Consequently, there are many families living in Remedio and their kids run al around the valley. Whilst most children of five years are still learning to tie their shoelaces, these kids can already build a fire, knead dough for chapattis and tend a garden. And it’s these kids who actually keep the school in a nearby village going; Spanish villages have experienced such a population drain that the children of Remedio comprise half the students.

But whilst this has bettered relations with this particular village, the general estimation of Remedio in the area could not be lower. This area of Spain is already awash with English and Germans come to the sun to live cheaply and drink beer. And in some way the people of Remedio are associated with them. Perhaps they also inherit some of the traditional hostility held again the Gypsies. Traditionally a persecuted minority here. It doesn’t help that most of the hippies go into town barefoot and wear colorful clothes. The locals call them ‘Los Sucios’ (‘the dirty people’).
There’s also a long-standing dispute about the water. The farmers from the village below come up every year to chop down the water-greedy eucalyptus trees and also to pull out people’s water pipes form the river. Of course although everyone draws their drinking water from the spring, they still need running water to wash dishes and clothes. So they just plug the pipes back in again.

The problem is the Remedio is still not an officially settlement. Technically, everyone is living there without permission. Hey are in fact in the process of trying to buy the land but whilst people struggle to buy their groceries and supplies each week, it seems an unlikely prospect. And yet magic happens. This is the philosophy/attitude of Remedio and no has any doubt that their money will materialize from somewhere if they simply ask the universe to provide what they need.

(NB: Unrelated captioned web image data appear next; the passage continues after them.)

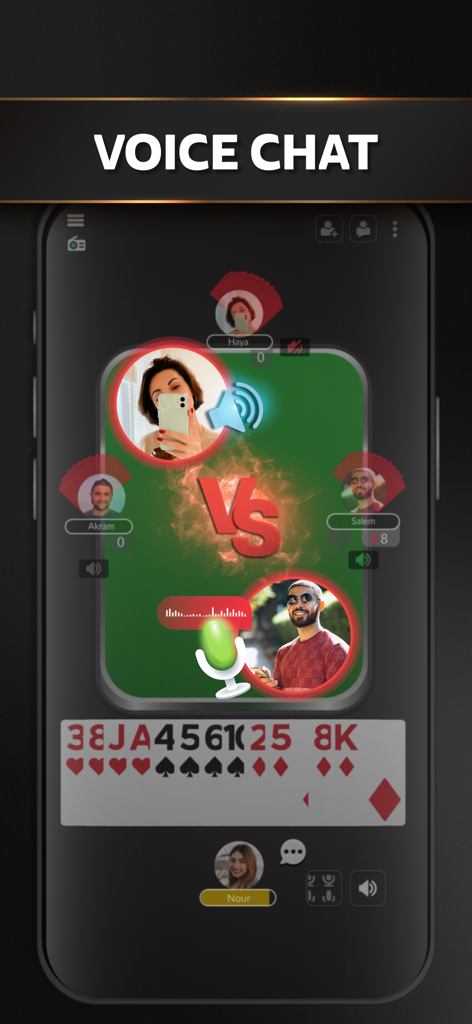 Jawaker: Games & Friends - Jawaker app screenshot showing a live voice chat feature during a multiplayer card game session.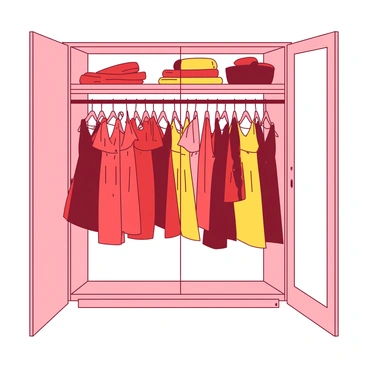 An open wardrobe made of light wood is filled with a collection of buttoned mini dresses hanging neatly. The dresses vary in designs and are displayed in alternating bands of red and yellow. Each dress features small buttons running down the front, with some having short sleeves while others are sleeveless. The wardrobe has a mirrored back, reflecting the vibrant colors of the dresses, and there are matching accessories, such as belts and scarves, arranged on the shelves above.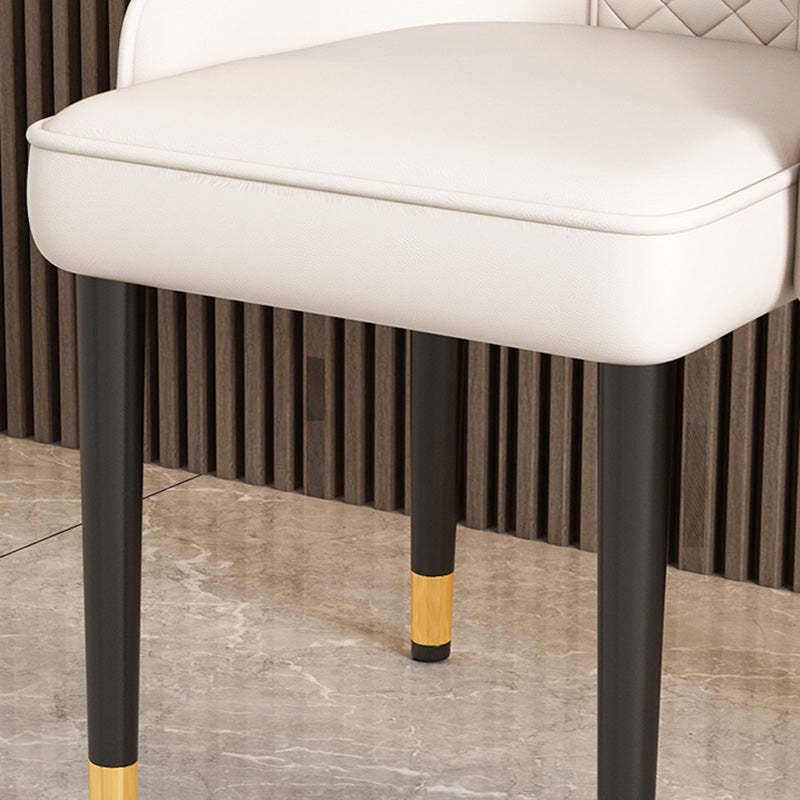 Luxury Curved Leather Steel Dining Chair — Beige + Black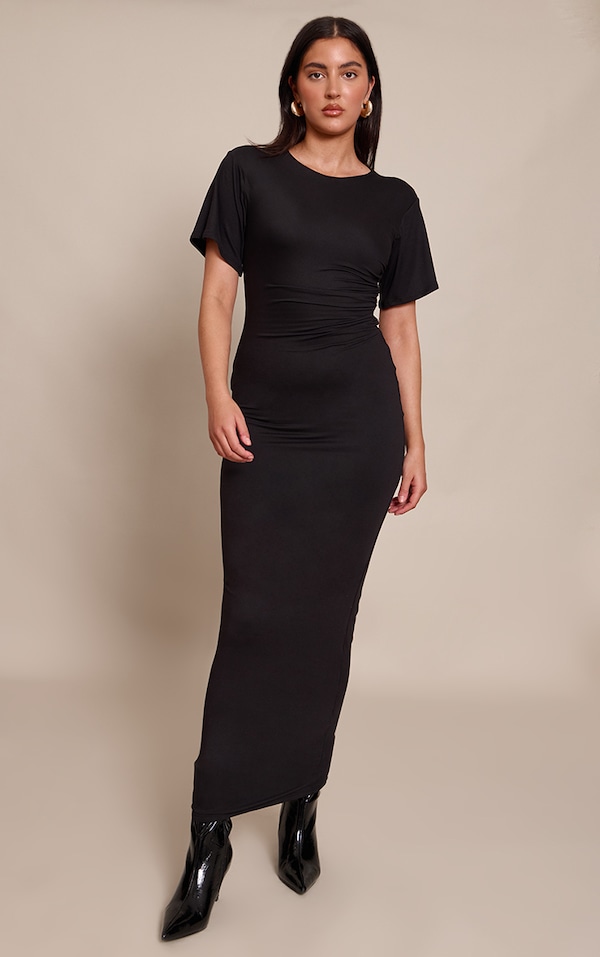 Black Boat Neck Jersey Short Sleeve Maxi Dress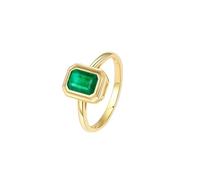 Beydodo Eheringe 585er Gold, Damen Ring Solitär mit 0.7ct Smaragd Verlobungsringe Frauen Ringe Hochzeit Memoir Gr.55 (17.5)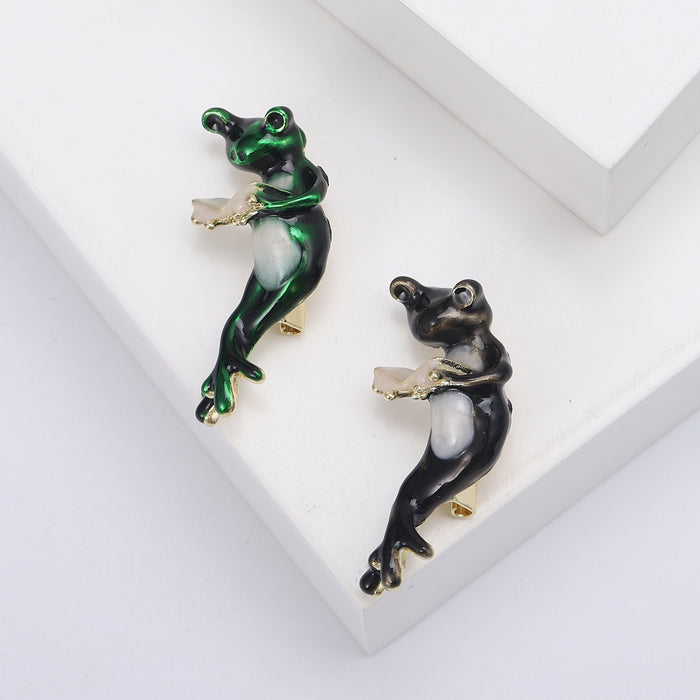 Alloy Enamel Reading Frog Brooch Pin For Suits And Coats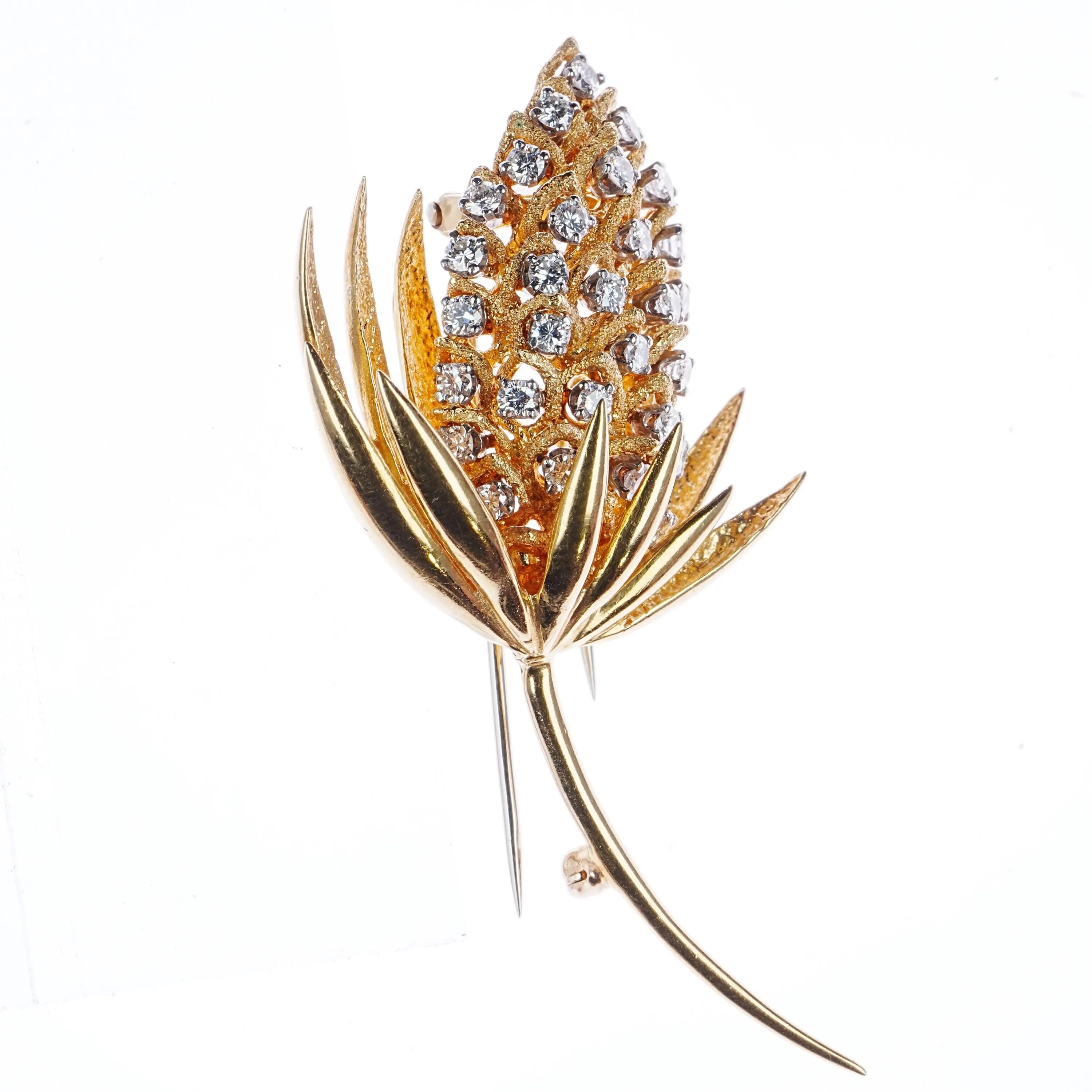 18k Modernist Hammerman Brothers 2cttw diamond fur clip Designed in France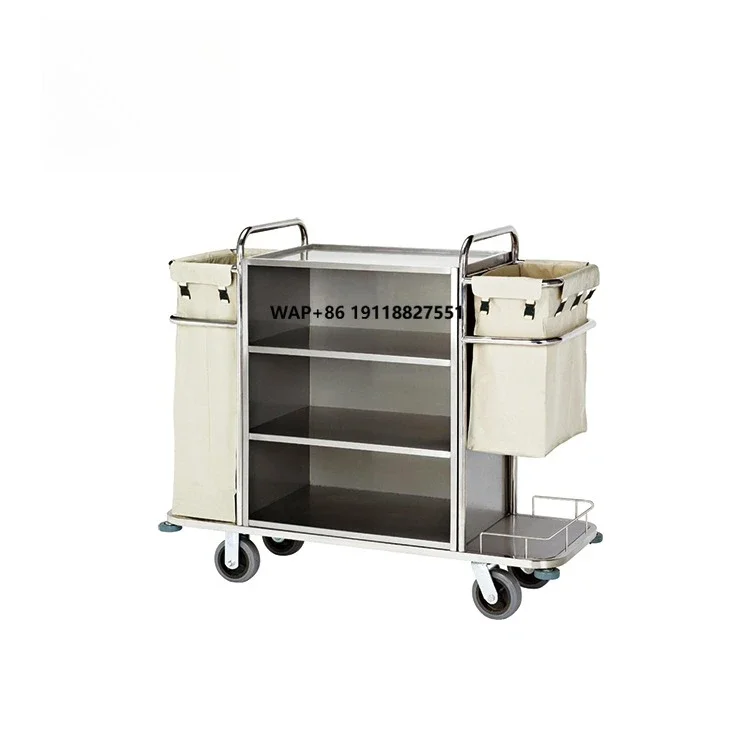 Stainless Steel Housekeeping Cleaning Cart Hotel Housekeeping Maid Cart Trolley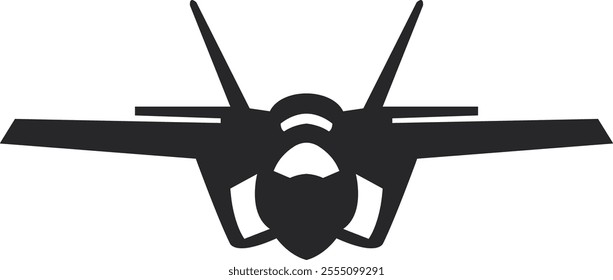 Black fighter jet silhouette. F-35 logo front view.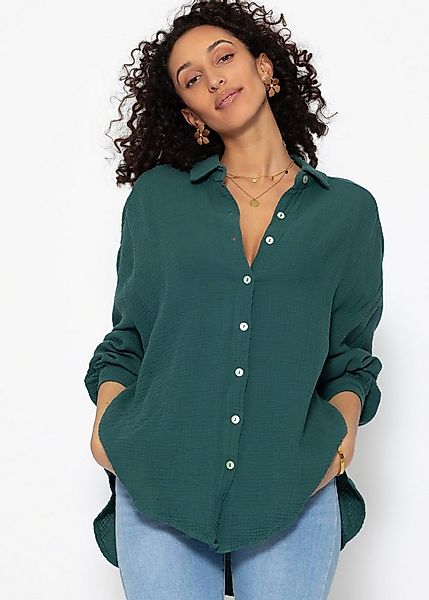 SASSYCLASSY Longbluse Oversize Musselin Bluse Damen kurz Langarm Elegant He günstig online kaufen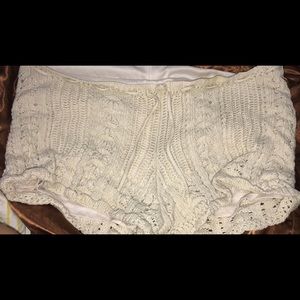 White crocheted shorts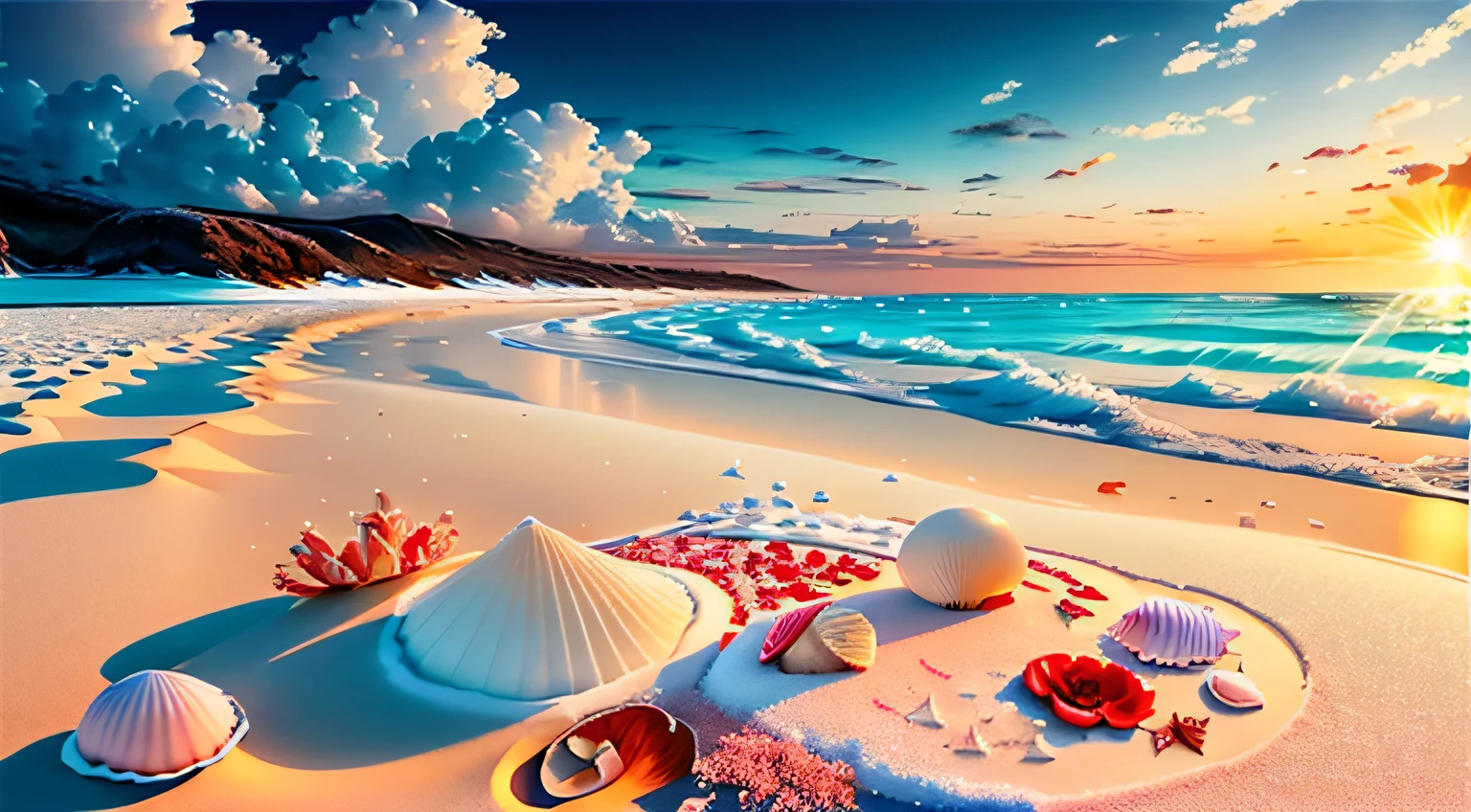 Exquisite scenes，depth of fields，8K，The ivory sky，White clouds，The sun shines on the snow-white sand。The coral sea，There are many small colorful shells on the beach，Red rose，Rose flower，rough sea，The boat breaks the waves，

And they may be right. I heard a few days ago that an anonymous visitor contributed several thousand dollars to secure the deposit and negotiations are now proceeding.

The founders of Remedio, an English couple in their fifties, have already left their birth child to its fate. But I doubt even they could have imagined such a success for the settlement they initiated on their own, wandering into the valley in the late 80’s.

And if there’s anything I learnt at Remedio it’s the value of a dream. And making it real.